Pouvez-vous rappeler les grandes étapes du groupe depuis sa création ?

Notre entreprise est 100 % familiale, avec trois actionnaires et une holding de tête. Je suis président et mon frère et ma sœur sont directeurs généraux. D’autres personnes de l’entourage familial travaillent avec nous. L’origine de l’entreprise remonte à 1925, avec mon grand-père que nous n’avons pas connu, car il est décédé en 1950. Mon père avait pris la succession à la fin des années 1950, après une gestion temporaire assurée par ma grand-mère. De mon côté, je me suis mis à mon compte en 1978 et j’ai repris l’entreprise familiale en 1985, avec mon frère et ma sœur. Il y a donc deux origines : la mienne et celle, historique, de mon grand-père. Et l’objectif maintenant est de fêter les cent ans l’année prochaine !

Comment définiriez-vous la compétitivité dans votre spécialité, le transport de vrac liquide et solide ?

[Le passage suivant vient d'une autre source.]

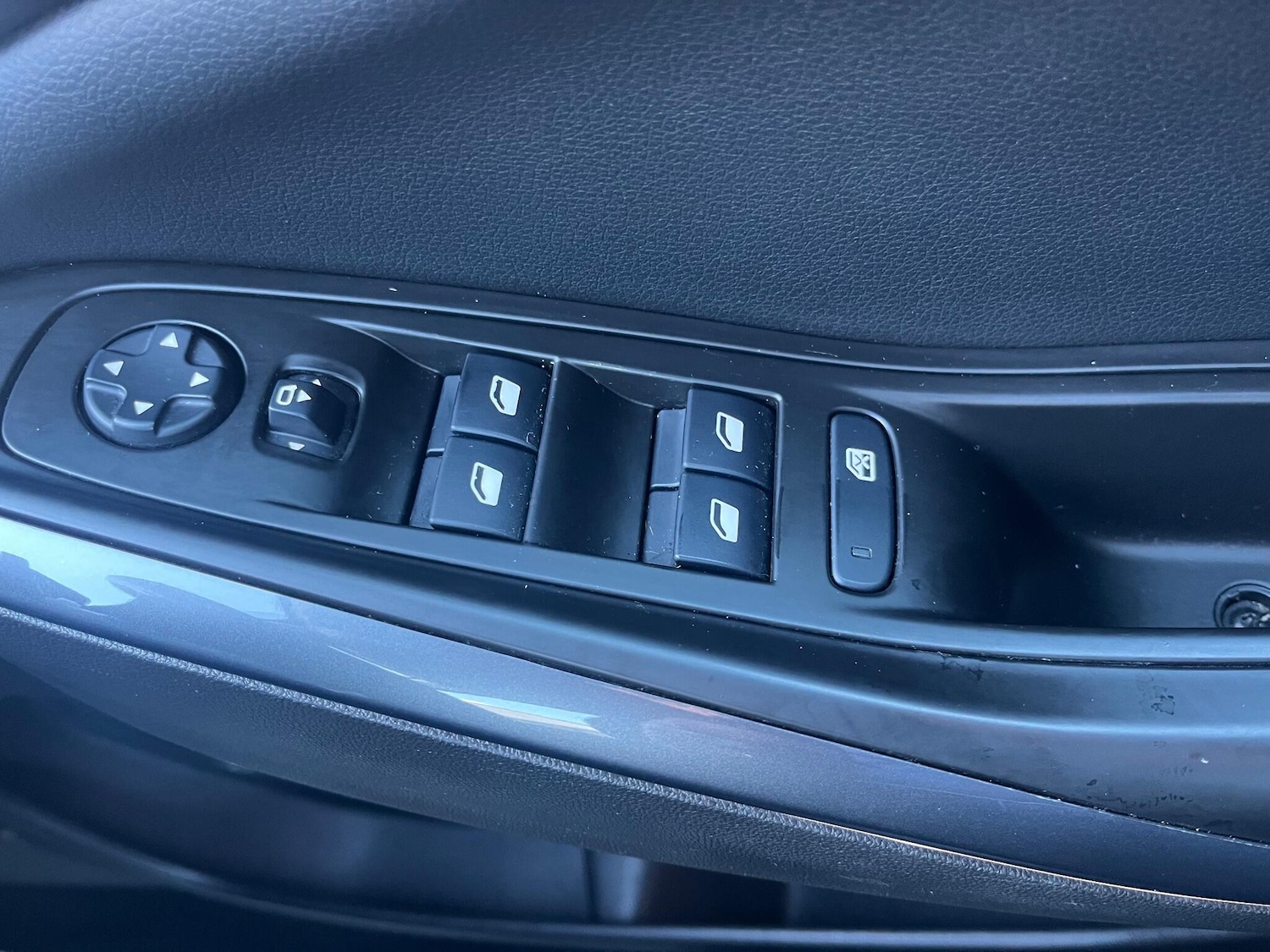 Used Vauxhall Grandland X 2018 for sale - 76689300: Photo 34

Nous avons deux inconvénients : nous sommes français et franciliens. En Europe, le pavillon français n’est pas très compétitif à cause de sa structure de coût principalement et, en France, les transporteurs franciliens ne sont pas non plus les plus compétitifs dans le pays pour des questions de coûts de revient. Sur les marchés nationaux, nous avons en effet une problématique de compétitivité de prix. Les implantations ou encore les rémunérations sont en général supérieures en Île-de-France, même si certaines grandes métropoles (Lyon, Lille et Marseille) s’en rapprochent. En revanche, par rapport aux transporteurs qui ont les mêmes problématiques, on se retrouve à compétitivité égale et nous pouvons tirer notre épingle du jeu. Ce qui compte, c’est la qualité de la prestation, la réactivité vis-à-vis de nos clients. Par ailleurs, le marché francilien représente quasiment 40 % du marché national…

Comment se répartit l’activité du groupe ?

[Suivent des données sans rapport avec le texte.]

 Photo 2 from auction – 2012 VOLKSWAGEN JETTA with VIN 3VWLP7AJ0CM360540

Nous réalisons 50 % de notre chiffre d’affaires dans le BTP, 25 à 30 % dans les matières dangereuses, 15 % dans les produits pulvérulents. Le reste regroupe le transport de déchets, exceptionnel, un entrepôt logistique (gaz), etc. Nous sommes organisés par métiers, nous en avons un par filiale. L’une, SPM, est dédiée à la distribution de carburant sur nos six sites, au lavage et à la maintenance de tous nos véhicules et pneumatiques. Notre particularité est que nous faisons de la maintenance prédictive ; tout est informatisé. Nous avons aussi des stations de lavage sur tous nos sites pour nos véhicules, mais aussi pour le lavage interne des citernes, sur les produits en poudre, pulvérulents et de farine, où un lavage est obligatoire entre chaque transport. L’une de nos stations est ainsi certifiée ISO 22000. Tous nos sites sont gardiennés, vidéosurveillés et, dans l’entrepôt gaz, s’ajoute également une surveillance par caméras thermiques pour détecter les départs de feu, comme l’implique la réglementation.

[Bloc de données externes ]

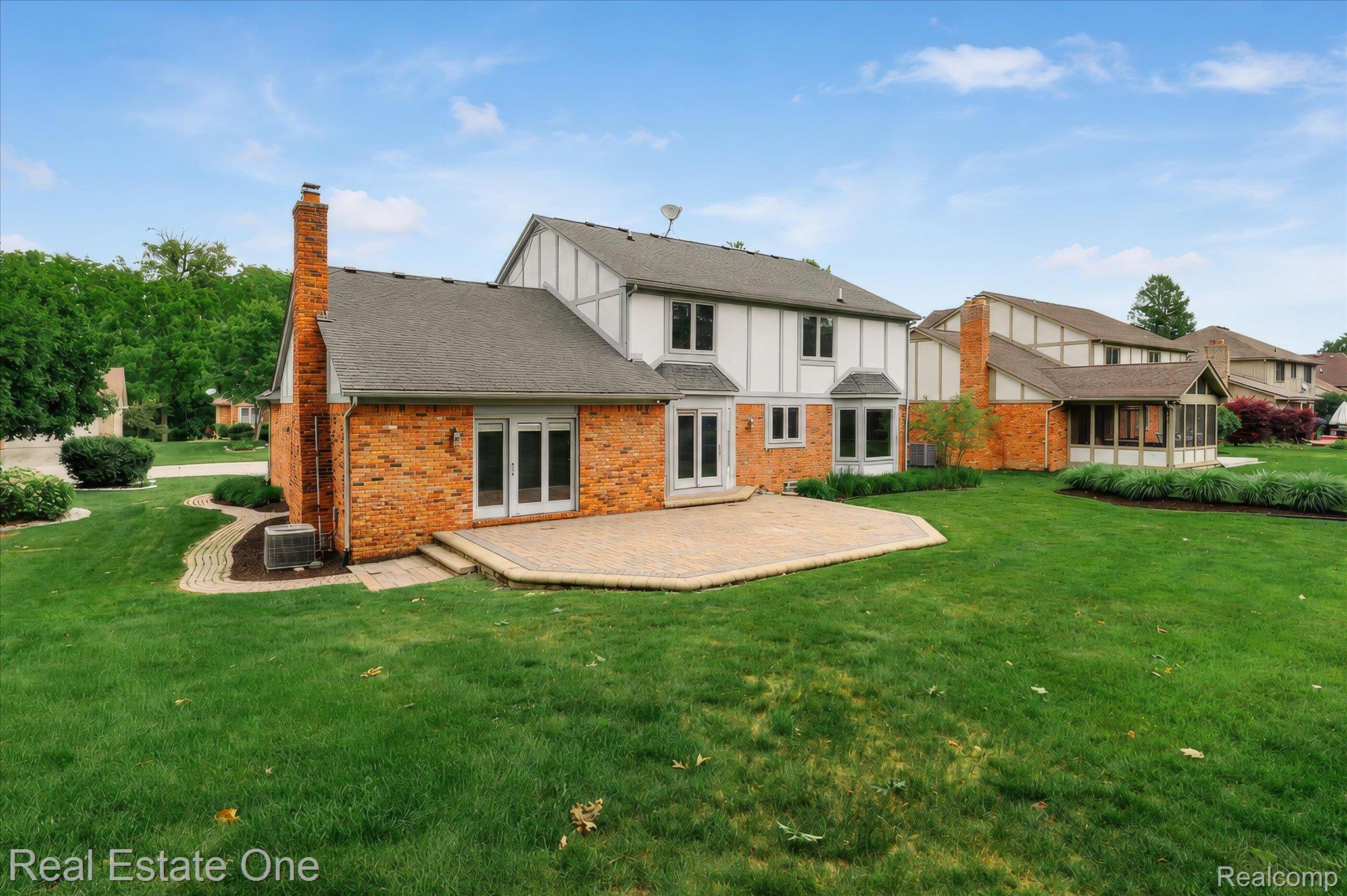 3393 Charlwood Drive Rochester, MI 48306 - Photo 52 of 60 52-059.jpg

Vous évoquez l’importance de l’informatisation dans votre stratégie. Comment se déploie-t-elle dans votre entreprise ?

Nous avons toujours développé notre stratégie sur l’innovation technique et technologique pour nous différencier. Nous misons sur l’informatisation qui permet d’être plus performant, plus réactif. Nous travaillons actuellement sur la dématérialisation des documents avec Dashdoc. Et donc nous misons sur la maintenance prédictive pour notre matériel. Par exemple, nous utilisons des analyses d’huiles pour prévoir l’espacement des vidanges et de la maintenance. Pour les pneumatiques, il y a trois ans, nous avons été l’une des premières entreprises équipées de scanners pour mesurer les profondeurs de sculpture des pneumatiques et ainsi vérifier leur bon état, prévoir leur recreusage et leur remplacement. Il est très important pour nous que nos véhicules soient toujours en parfait état de fonctionnement et en règle par rapport à la réglementation en vigueur, comme l’indique d’ailleurs notre logo « Votre sécurité, notre priorité » apposé sur nos camions.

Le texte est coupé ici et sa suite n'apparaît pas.